Au-delà de son cas personnel, c’est le 4e procès d’anciens responsables baasistes qui s’ouvre actuellement depuis la chute du régime. Six autres codirigeants seront également jugés, parmi lesquels Watban Ibrahim, ancien ministre de l’Intérieur et demi-frère de Saddam Hussein. Quand la première audition s’est tenue le 29 avril, avec 5 heures de retard, elle fut vite expédiée : 45 minutes pour constater l’absence de l’avocat irakien de Tarek Aziz, Me Badie Aref, réfugié en Jordanie pour « raisons de sécurité », en clair menacé de mort par les milices. De par l’autorité du juge kurde Raouf Abdel Rahman, célèbre pour avoir condamné à mort Saddam Hussein pour l’assassinat de 148 chiites, le procès redémarre ce mardi 20 mai, sous de mauvais augures pour Tarek Aziz. Le principe de la responsabilité collective semble primer pour le Haut Tribunal pénal, au détriment de l’individualisation de l’incrimination.
Aziz au jeu du pendu
« Une mascarade à partir d’une affaire bidon ! », s’exclame l’avocat André Chamy, mandaté depuis l’été dernier par Tarek Aziz pour assurer sa défense. Le juriste franco-libanais, spécialisé dans le droit social et inscrit au Barreau de Mulhouse, prône la « stratégie de rupture », fameuse tactique développée pendant la guerre d’Algérie par son confrère Jacques Vergès, lui-même désireux de s’impliquer également dans le procès à venir. Contestant la légitimité du tribunal, comme il le fit déjà quand il était membre du collectif d’avocats chargés de la défense de Saddam Hussein, André Chamy, officiellement désigné par Aziz au même titre que l’avocat irakien Badie Aref, préconise l’obstruction judiciaire, par son absence physique et celle de ses collègues au procès, afin de faire pression pour obtenir la délocalisation de la procédure judiciaire. « Comme tout justiciable, M. Aziz mérite un procès équitable ; or, il est présumé d’emblée coupable. C’est un procès éminemment politique ».
La France, bouche cousue
Où sont les amis de Tarek Aziz ? Celui qui s’est forgé de solides et durables alliances dans le monde géopolitique durant un quart de siècle n’a pas de quoi se réjouir à ce jour. Silence des uns, profil bas des autres. Mis à part quelques tapageurs, comme l’activiste Gilles Munier, secrétaire général des Amitiés franco-irakiennes depuis 1986, ou le parlementaire britannique George Galloway, ils sont peu nombreux à s’indigner publiquement.
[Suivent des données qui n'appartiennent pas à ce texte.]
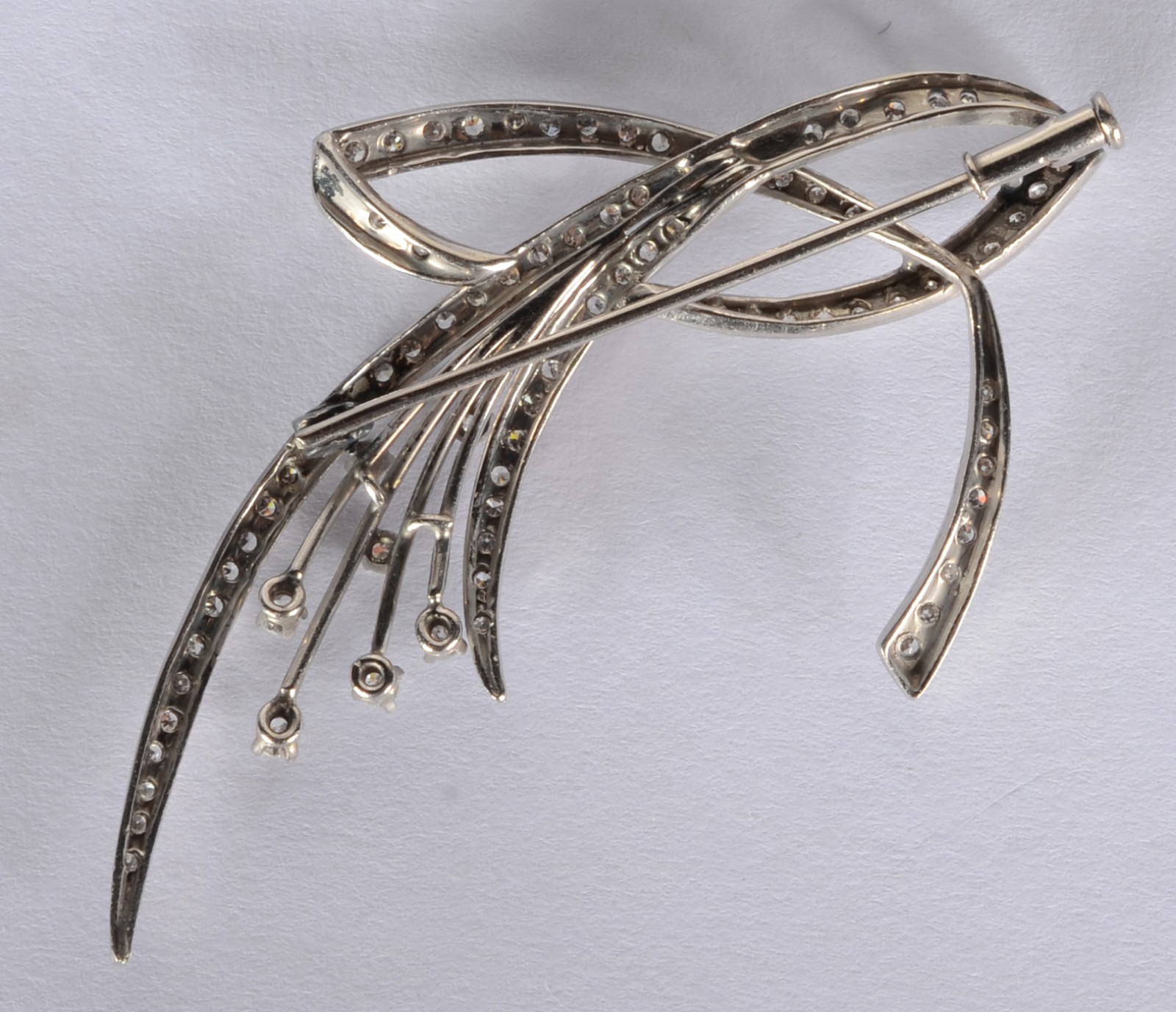 Broche de ouro branco cravejado com aproximadamente 70 brilhantes... - foto 3 de 5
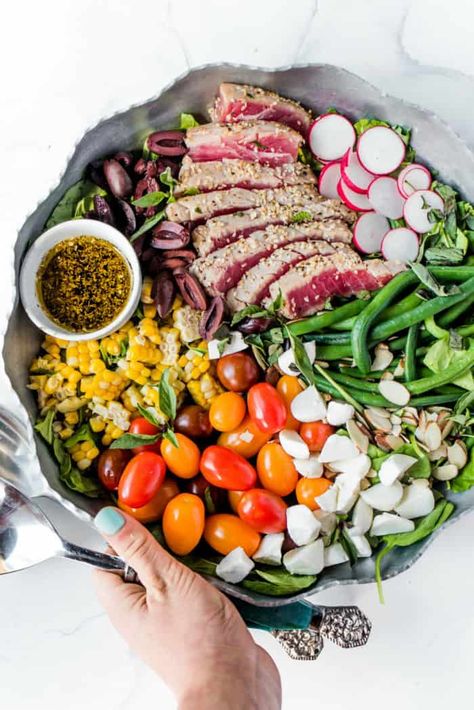 This is a delicious Seared Ahi Tuna Nicoise Salad made with the freshest ingredients! Seared Ahi Salad, Ahi Salad, Ahi Tuna Steak Recipe, Ahi Tuna Recipe, Ahi Tuna Salad, Tuna Nicoise Salad, Nicoise Salad Recipe, Seared Ahi Tuna, Ahi Tuna Steak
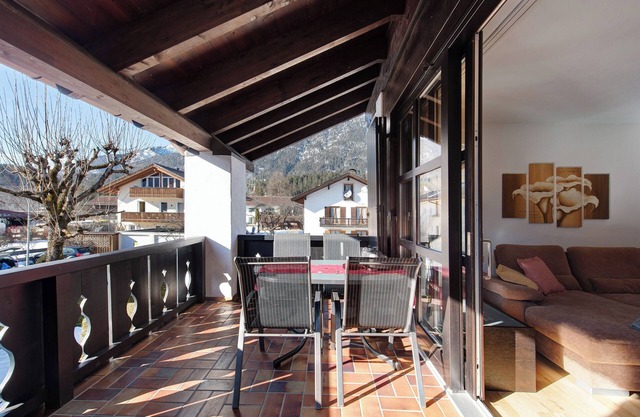 Holiday Apartment "Christina" with Mountain View, WLAN & Balcony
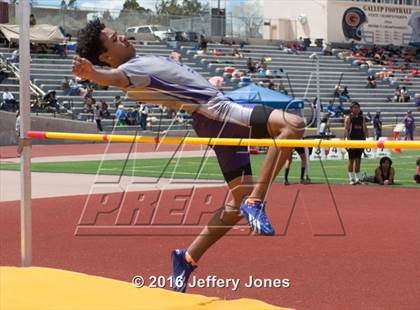 Thumbnail 2 in Angelo DiPaulo Memorial Track Meet photogallery.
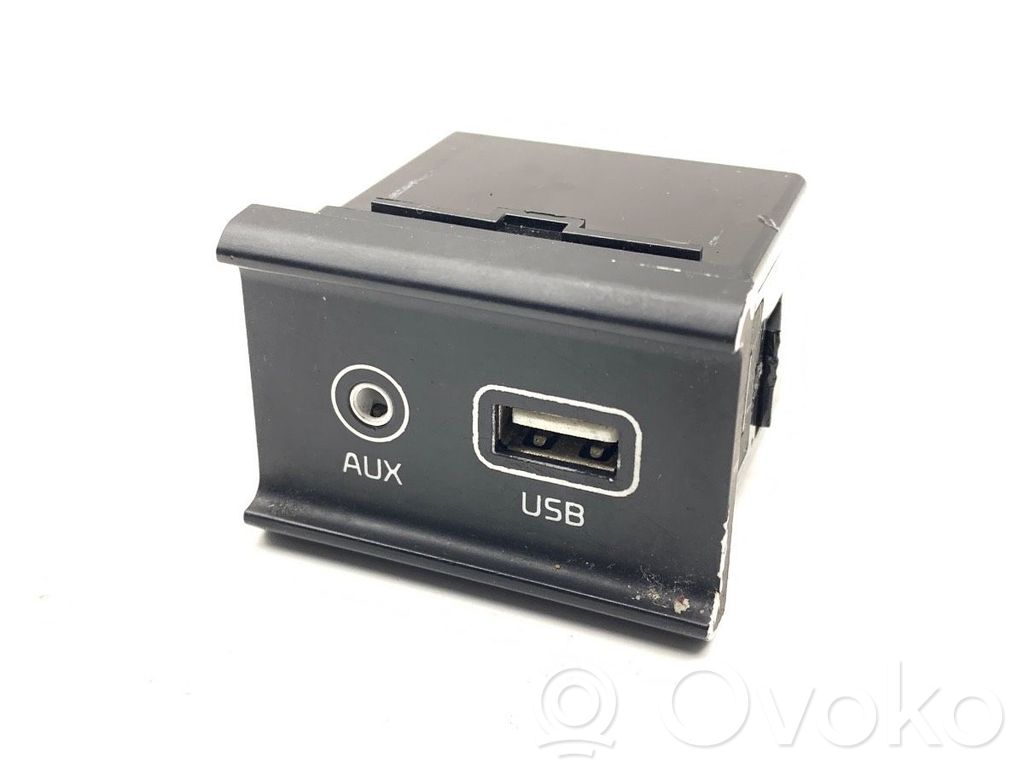 KIA Optima Enchufe conector USB 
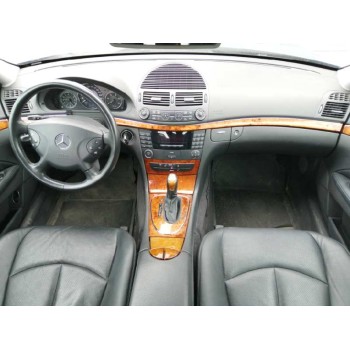 mercedes-benz clase e (w211) berlina del año 2002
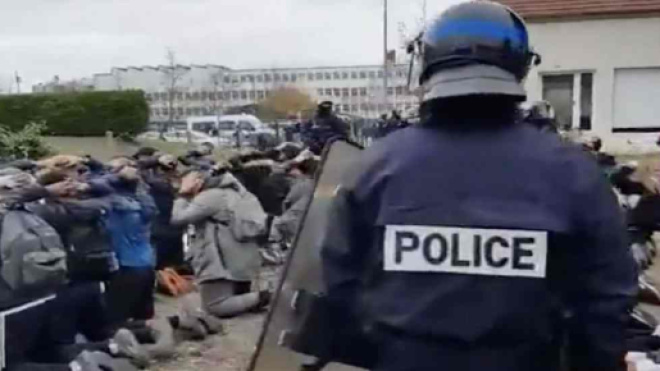 Le jeudi 6 décembre, 153 lycéens ont été arrêtés. Leur interpellation, filmée et diffusée fait scandale.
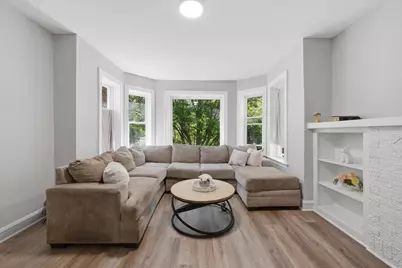 9015 S Muskegon Avenue, Chicago, IL 60617 - Photo 2
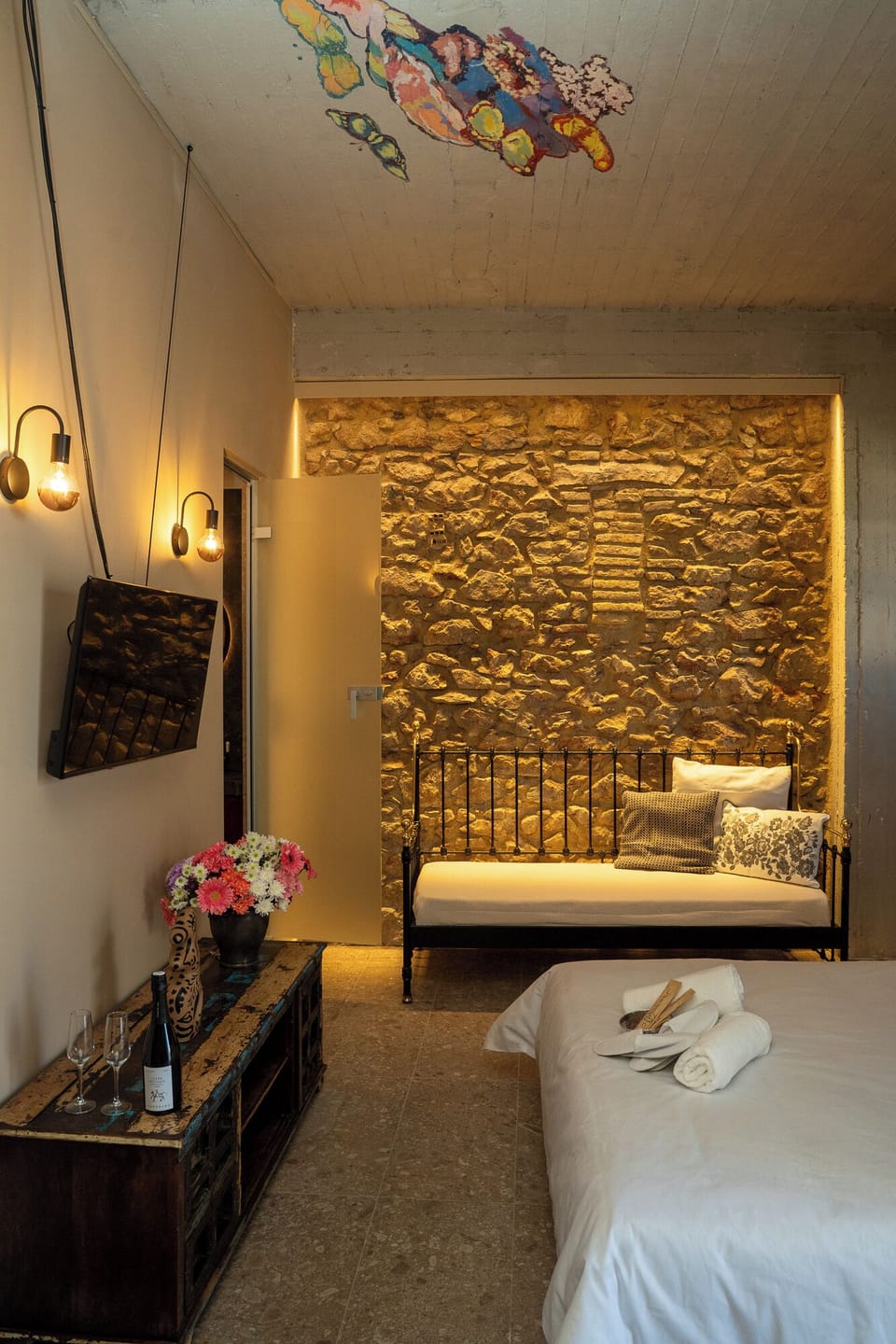 FRIDA KAHLO - Junior Suite | Premium bedding, in-room safe, soundproofing, iron/ironing board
Un « comité de soutien à Tarek Aziz et aux prisonniers politiques irakiens », constitué en 2003 et récemment réactivé, pourrait occuper la scène médiatique, avec des membres qu’on ne présente plus : Jean-Pierre Chevènement, Jacques Gaillot, Didier Julia, Thierry Mariani et bien d’autres, intellectuels, politiques ou diplomates. Interrogé, Roland Dumas, attentif auparavant au déroulement du procès Hussein, espère quant à lui une procédure légale et équitable. Certains ont songé faire appel à Boutros-Boutros Ghali, ancien secrétaire générale de l’Onu et autre diplomate arabe et chrétien, pour faire pression sur la communauté internationale. En vain. Quant à la Chancellerie, soucieuse de ne pas contrarier l’allié américain, il va sans dire que la fameuse « politique arabe de la France », illustrée jadis dans les rapports chaleureux entretenus avec l’Irak par la médiation de Tarek Aziz, est désormais de l’histoire ancienne appartenant au musée chiraquien. No less no more.
Dans la parodie de justice qui s’annonce, telle qu’elle est mise en scène par les nouveaux maîtres de l’Irak, nul doute que Tarek Aziz emportera, à son tour, bien des secrets dans sa tombe. Et avant son dernier voyage, le diplomate chrétien de l’Irak pourra-t-il peut-être solliciter son légendaire péché mignon : un dernier cigare. Si c’est pour mourir, autant partir dans un écran de fumée.